I set off from England with a quote from Helen Keller in the back of my mind: ‘No pessimist ever discovered the secret of the stars, or sailed to an uncharted land, or opened a new doorway for the human spirit.’

I feel my ‘optimism’ has paid off – travel allows for creative possibilities, pushes us out of our comfort zone, expand our world-view, and makes us embrace the other – and find we are brothers. As I wrote in the sample chapter I read out at the final event: The desert is the last place you expect to encounter the kindness of strangers but it is the place where you need  it the most. The more isolated we become, the more hostile the environment, the more we need each other.

To write a book about strangers meeting in the desert in a place where … strangers meet in the desert couldn’t have been more perfect. El Gouna is a wonderful international zone where the kindness of strangers can be encountered daily:

Love ye therefore the stranger: for ye were strangers in the land of Egypt (10:19)

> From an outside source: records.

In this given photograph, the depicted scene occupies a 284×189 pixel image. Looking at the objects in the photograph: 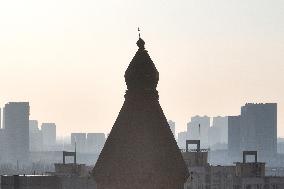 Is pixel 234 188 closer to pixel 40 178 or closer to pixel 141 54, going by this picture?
pixel 40 178

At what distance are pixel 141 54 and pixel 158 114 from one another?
1281mm

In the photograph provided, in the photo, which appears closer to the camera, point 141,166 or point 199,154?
point 141,166

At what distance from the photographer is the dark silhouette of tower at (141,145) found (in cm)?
1645

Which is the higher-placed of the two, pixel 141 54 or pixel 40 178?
pixel 141 54

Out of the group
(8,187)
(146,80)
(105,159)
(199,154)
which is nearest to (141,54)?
(146,80)

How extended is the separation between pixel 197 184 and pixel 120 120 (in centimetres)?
9476

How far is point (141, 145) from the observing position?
1656 cm

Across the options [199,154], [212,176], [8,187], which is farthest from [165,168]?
[212,176]

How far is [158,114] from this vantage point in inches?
670

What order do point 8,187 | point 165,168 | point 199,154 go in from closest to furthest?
point 165,168, point 8,187, point 199,154

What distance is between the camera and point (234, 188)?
11375 cm

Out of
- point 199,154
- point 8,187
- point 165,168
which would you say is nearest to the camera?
point 165,168

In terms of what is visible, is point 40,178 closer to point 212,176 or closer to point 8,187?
point 8,187

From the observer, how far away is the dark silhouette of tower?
648 inches
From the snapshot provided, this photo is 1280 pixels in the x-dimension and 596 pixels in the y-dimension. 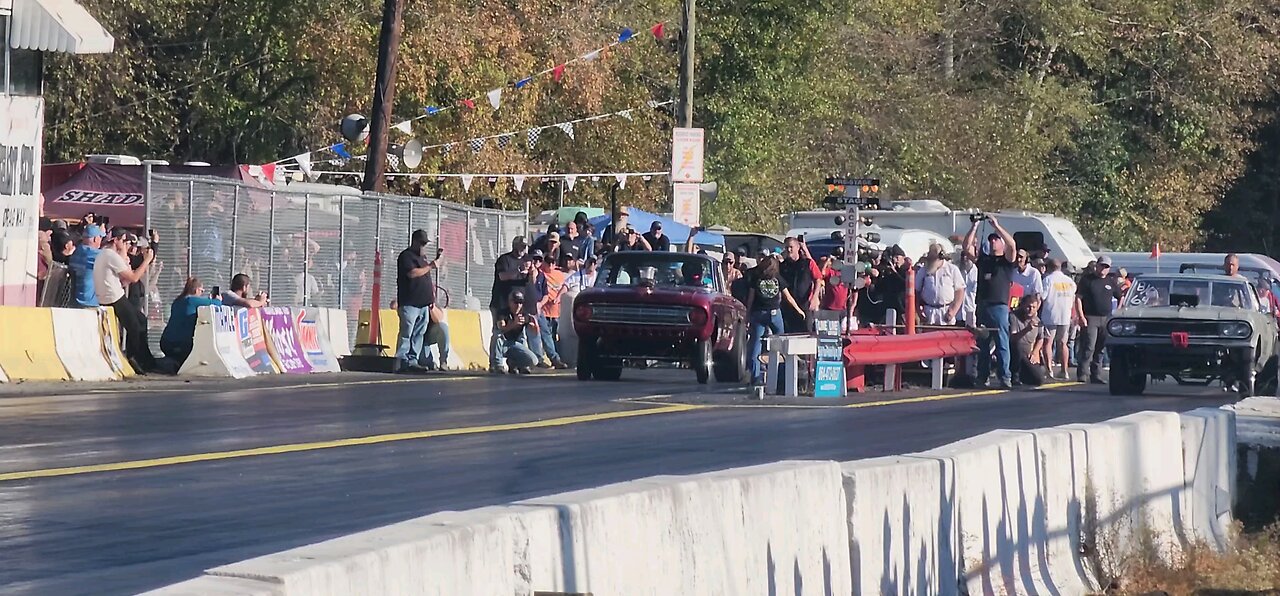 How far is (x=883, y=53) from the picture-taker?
5672 cm

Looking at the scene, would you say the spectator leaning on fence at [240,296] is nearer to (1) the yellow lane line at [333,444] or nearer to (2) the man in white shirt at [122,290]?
(2) the man in white shirt at [122,290]

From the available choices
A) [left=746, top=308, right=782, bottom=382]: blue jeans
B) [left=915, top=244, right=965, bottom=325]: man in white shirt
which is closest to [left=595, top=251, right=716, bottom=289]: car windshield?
[left=746, top=308, right=782, bottom=382]: blue jeans

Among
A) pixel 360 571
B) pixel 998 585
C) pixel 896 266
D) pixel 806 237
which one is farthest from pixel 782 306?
pixel 360 571

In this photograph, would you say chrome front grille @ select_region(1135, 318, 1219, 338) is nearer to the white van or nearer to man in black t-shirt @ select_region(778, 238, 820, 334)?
man in black t-shirt @ select_region(778, 238, 820, 334)

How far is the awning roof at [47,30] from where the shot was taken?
26.6 m

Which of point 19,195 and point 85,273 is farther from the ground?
point 19,195

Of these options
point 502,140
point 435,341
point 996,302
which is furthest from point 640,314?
point 502,140

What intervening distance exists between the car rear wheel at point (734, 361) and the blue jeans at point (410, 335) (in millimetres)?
3877

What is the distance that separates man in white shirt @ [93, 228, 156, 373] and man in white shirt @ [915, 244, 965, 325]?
405 inches

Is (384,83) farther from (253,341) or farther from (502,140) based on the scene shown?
(502,140)

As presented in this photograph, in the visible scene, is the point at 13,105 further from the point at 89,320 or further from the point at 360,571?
the point at 360,571

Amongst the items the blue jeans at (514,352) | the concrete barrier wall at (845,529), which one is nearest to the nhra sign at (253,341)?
the blue jeans at (514,352)

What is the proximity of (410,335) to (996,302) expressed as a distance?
745 centimetres

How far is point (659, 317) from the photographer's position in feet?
82.4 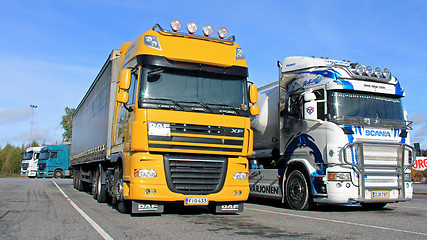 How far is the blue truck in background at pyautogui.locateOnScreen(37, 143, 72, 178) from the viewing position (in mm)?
40125

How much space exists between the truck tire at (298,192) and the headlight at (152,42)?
5194 mm

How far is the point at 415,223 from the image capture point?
26.8ft

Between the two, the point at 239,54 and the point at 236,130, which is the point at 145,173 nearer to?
the point at 236,130

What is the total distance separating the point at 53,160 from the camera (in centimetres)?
4031

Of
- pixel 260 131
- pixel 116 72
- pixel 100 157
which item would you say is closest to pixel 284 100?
pixel 260 131

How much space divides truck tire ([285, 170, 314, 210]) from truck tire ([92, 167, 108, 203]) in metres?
5.46

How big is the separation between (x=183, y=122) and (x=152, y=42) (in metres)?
1.90

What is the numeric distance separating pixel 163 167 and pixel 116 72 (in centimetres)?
470

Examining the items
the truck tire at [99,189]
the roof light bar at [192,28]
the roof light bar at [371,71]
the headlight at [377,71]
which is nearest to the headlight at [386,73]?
the roof light bar at [371,71]

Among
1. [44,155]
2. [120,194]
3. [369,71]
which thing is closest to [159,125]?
[120,194]

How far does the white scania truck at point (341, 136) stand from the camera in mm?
9891

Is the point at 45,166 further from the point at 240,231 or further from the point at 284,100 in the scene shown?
the point at 240,231

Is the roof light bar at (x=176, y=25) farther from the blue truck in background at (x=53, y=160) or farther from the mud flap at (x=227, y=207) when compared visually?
the blue truck in background at (x=53, y=160)

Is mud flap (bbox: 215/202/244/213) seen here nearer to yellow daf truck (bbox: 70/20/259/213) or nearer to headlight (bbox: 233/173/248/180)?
yellow daf truck (bbox: 70/20/259/213) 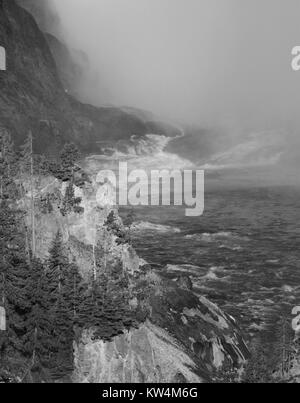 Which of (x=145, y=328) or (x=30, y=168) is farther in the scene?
(x=30, y=168)

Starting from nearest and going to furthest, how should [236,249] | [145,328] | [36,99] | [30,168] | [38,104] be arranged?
[145,328] → [30,168] → [236,249] → [38,104] → [36,99]

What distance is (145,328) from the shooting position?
32.6 m

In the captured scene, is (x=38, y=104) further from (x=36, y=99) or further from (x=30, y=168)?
(x=30, y=168)

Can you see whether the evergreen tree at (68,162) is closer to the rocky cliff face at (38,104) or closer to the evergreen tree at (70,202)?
the evergreen tree at (70,202)

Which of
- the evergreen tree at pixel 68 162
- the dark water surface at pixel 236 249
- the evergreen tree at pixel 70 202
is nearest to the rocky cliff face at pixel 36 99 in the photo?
the dark water surface at pixel 236 249

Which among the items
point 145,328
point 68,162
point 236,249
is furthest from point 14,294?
point 236,249

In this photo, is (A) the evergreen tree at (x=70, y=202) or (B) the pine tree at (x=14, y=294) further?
(A) the evergreen tree at (x=70, y=202)

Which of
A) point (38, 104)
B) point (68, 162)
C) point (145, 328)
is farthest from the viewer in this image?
point (38, 104)

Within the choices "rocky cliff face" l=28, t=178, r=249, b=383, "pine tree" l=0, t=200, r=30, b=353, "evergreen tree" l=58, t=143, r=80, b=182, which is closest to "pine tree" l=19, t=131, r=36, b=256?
"rocky cliff face" l=28, t=178, r=249, b=383

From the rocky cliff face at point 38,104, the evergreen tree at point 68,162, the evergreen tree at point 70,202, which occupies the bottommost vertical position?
the evergreen tree at point 70,202

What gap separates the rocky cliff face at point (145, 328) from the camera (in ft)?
102

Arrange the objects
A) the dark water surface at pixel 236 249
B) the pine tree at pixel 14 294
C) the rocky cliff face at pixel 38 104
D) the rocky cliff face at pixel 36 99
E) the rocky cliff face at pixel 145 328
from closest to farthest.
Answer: the pine tree at pixel 14 294, the rocky cliff face at pixel 145 328, the dark water surface at pixel 236 249, the rocky cliff face at pixel 36 99, the rocky cliff face at pixel 38 104

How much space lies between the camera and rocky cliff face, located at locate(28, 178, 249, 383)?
31.0 m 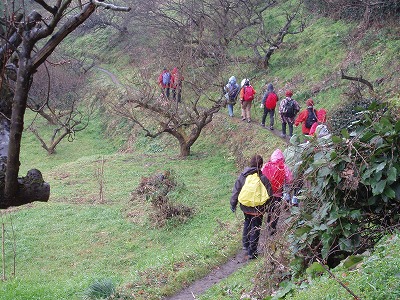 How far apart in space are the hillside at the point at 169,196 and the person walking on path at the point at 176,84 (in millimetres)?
2544

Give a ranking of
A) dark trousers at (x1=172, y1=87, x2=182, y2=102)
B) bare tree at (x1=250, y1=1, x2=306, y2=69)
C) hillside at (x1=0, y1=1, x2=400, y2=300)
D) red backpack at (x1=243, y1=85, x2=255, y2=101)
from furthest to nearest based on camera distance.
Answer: bare tree at (x1=250, y1=1, x2=306, y2=69)
dark trousers at (x1=172, y1=87, x2=182, y2=102)
red backpack at (x1=243, y1=85, x2=255, y2=101)
hillside at (x1=0, y1=1, x2=400, y2=300)

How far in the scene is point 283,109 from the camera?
17.6m

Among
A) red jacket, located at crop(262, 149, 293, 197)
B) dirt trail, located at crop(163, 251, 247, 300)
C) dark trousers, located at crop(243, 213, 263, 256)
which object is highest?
red jacket, located at crop(262, 149, 293, 197)

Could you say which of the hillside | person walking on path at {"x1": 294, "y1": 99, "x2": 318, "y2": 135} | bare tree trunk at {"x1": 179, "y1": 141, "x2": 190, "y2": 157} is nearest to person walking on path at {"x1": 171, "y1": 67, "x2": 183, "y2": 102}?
bare tree trunk at {"x1": 179, "y1": 141, "x2": 190, "y2": 157}

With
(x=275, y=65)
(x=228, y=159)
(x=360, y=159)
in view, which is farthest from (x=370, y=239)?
(x=275, y=65)

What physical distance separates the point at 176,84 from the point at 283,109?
664 cm

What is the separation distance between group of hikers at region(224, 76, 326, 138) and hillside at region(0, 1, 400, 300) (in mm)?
634

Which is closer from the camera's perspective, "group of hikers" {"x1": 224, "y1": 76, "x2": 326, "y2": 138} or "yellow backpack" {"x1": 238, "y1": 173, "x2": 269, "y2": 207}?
"yellow backpack" {"x1": 238, "y1": 173, "x2": 269, "y2": 207}

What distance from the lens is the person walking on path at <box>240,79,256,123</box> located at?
20570 mm

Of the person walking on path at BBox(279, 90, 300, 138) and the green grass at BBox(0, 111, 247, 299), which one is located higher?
the person walking on path at BBox(279, 90, 300, 138)

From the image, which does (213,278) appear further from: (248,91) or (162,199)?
(248,91)

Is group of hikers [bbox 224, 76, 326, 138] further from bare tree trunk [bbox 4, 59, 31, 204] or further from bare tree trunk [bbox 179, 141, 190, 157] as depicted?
bare tree trunk [bbox 4, 59, 31, 204]

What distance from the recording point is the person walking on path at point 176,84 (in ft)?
72.6

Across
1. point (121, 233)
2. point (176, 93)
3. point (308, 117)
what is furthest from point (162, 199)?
point (176, 93) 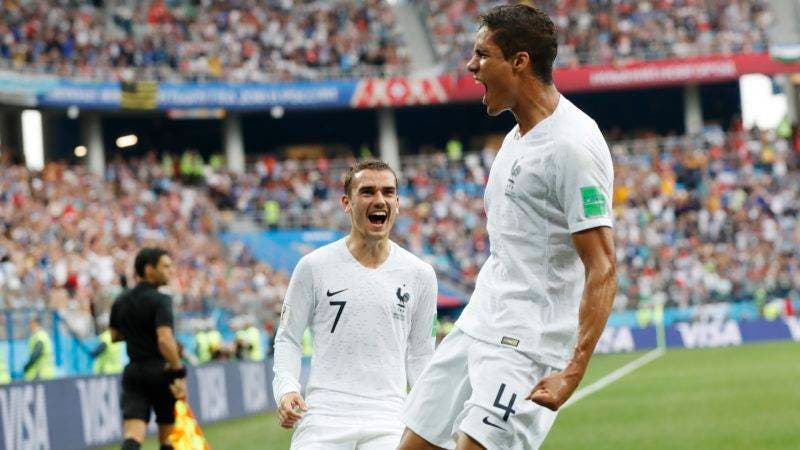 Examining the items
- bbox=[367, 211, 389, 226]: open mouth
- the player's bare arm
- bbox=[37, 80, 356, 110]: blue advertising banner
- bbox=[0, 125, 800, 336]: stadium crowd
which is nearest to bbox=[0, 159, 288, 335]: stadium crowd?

Email to Anthony (fellow writer/creative writing teacher): Anyway, it’s been a really productive time – just got to the end of the 2nd Draft of The Burning Path, and I can’t wait for people to read it. I think its my best yet – but you have to believe that, don’t you! The style is alot more stripped back. I wrote it the year my Dad died and maybe the austere aesthetic reflects that, but there’s is real beauty in the desert vistas and cultures, as I’ve discovered. Ultimately it’s an affirmation of the desert, its ecology and ethos, its abundant ‘nothingness’ – the opposite of Western consumer culture! It cries out Less is More.